Directions>
From start to end, print the entire listing below exactly.
═══ Provided material ═══
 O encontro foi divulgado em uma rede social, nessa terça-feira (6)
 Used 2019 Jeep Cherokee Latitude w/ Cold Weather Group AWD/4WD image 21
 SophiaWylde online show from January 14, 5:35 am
═══
Task result>
 O encontro foi divulgado em uma rede social, nessa terça-feira (6)
 Used 2019 Jeep Cherokee Latitude w/ Cold Weather Group AWD/4WD image 21
 SophiaWylde online show from January 14, 5:35 am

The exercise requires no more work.